Using an Indigenist paradigm of relational accountability, where everyone and everything is related and natural justice is meted out in response to disrespecting any of the people, plants, animals, fishes, rocks, air, constellations, water and soil.
Students learn from the land and analyze their experiences from the Indigenist perspective, with a balance of oral tradition and written text.
Activities: categorized into four quadrants (physical, spiritual, cognitive and emotional). Examples are paddling, gathering medicinal herbs, tree knowledge and use, intellectual property rights teachings, language and culture, food knowledge, etc.
‘Āina-Based Learning Kamehameha Schools, Hawaii
http://kokuahawaiifoundation.org/aina/components_detail/garden_based_learning
“Learn on the land and practice mālama i ka ʻāina on Kamehameha Schools’ agricultural and conservation lands. ʻĀina Ulu is a program which brings together over twenty different community organizations which manage these lands and provide culture-based and place-based learning opportunities.
Activities include: agricultural production, food sovereignty, farm-to-table programs, fishpond stewardship, resource management, Hawaiian language instruction, forest plan identification, propagation and restoration, removing invasive plants, fishing practices, carving, weaving and canoeing.
Integrative Science Camps, Nunavut
InIdividuals from Qikiqani Inuit Association, Department of Culture, Language, Elders and Youth, the Nunavut Arctic College, and elders from the Department of Education set out to engage Nunavut youth in outdoor, traditional and scientific learning activities. “Two-Eyed Seeing” involves bringing Science together with Indigenous knowledge systems.
Programs are delivered by Inuit elders and western Science experts, such as conservation officers, biologists, climate change specialists, fisheries and sealing division reps, and parks staff.

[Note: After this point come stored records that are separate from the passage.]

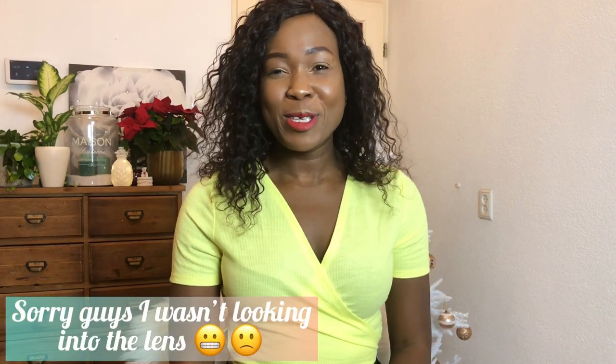Hey guys, welcome back to my YouTube channel. My name is Esther, and if you're new here, I do sewing and DIY videos. We hit 1K subscribers a week or two ago, and I promised to run a giveaway contest — that's still coming. I'll make a separate video with all the details so I can keep this intro short.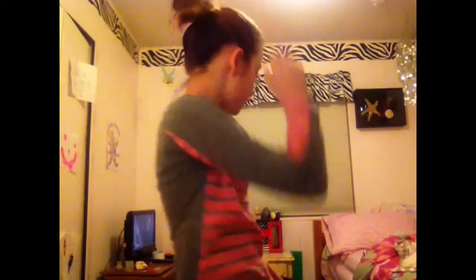Hey guys, today in this video I'm going to teach you how to make a messy bun. This is the side view of it, and this is the back view of it. And I'm going to teach you how to make this.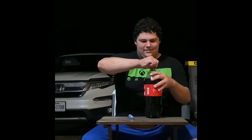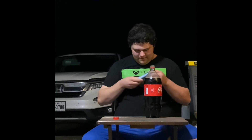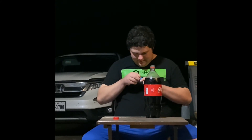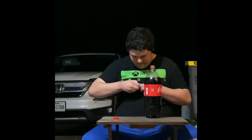Alright, so today I'm going to be doing another Coke and Mentos challenge video. Alright, let's see how I do. I opened up the big bottle of Coke. Let's open up the Mentos, open them up, and drop them in.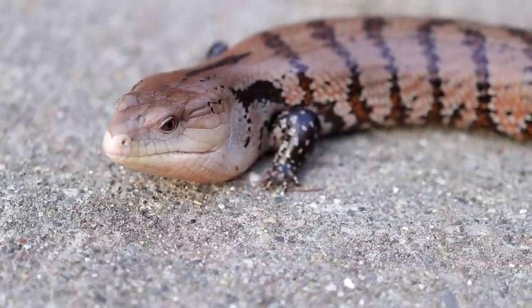A lot of the time, Indonesian blue tongue skinks are wild caught because in captivity people have a harder time getting them to reproduce. Issues with wild caught skinks include being more skittish, potentially having parasites or diseases, and there's also the ethical aspect. If you go to a breeder to purchase an Indonesian blue tongue skink, I would highly recommend asking if it's wild caught or captive bred, because sometimes they will try to hide it from you. You can get captive bred Indonesians if you go to the right place.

Examples of programming include community cleanups, Arctic expeditions on ice, classroom visits on climate change, Nunavut wildlife, sealing, and environmental research techniques, and Wildlife education. Youth who have been referred by the RCMP or the Nunavut Court are brought onto the land to learn traditional Inuit ways. Father/son programs allow Inuit men to share experience and knowledge while building relationships. Women’s programs give people a chance to reconnect, build supports, and reflect on life changes away from the stress of everyday life.

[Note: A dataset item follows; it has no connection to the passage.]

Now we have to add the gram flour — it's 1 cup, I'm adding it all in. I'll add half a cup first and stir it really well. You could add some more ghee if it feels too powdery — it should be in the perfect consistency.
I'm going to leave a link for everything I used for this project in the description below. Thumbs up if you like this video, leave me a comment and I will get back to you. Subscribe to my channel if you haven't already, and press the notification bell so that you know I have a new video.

Ilisaqsivik: Clyde River, Nunavut
http://ilisaqsivik.ca/programs-and-services/land-based-programming
A community-based non profit organization dedicated to promoting community wellness through space, resources and programming that allows community members to find healing and develop their strengths. Programs include cultural retreats that promote inter generational healing. Inuit foods are harvested specifically for nutritional reasons, and to transmit hunting skills to younger generations.
Several multi-day land based learning programs are offered to all community members so that elders, families and children can form strong bonds. There are workshops, land-based skill teachings and times for relaxation and connecting with the land and one another. The dogs are used so that individuals and families may learn mushing techniques and traditional hunting skills.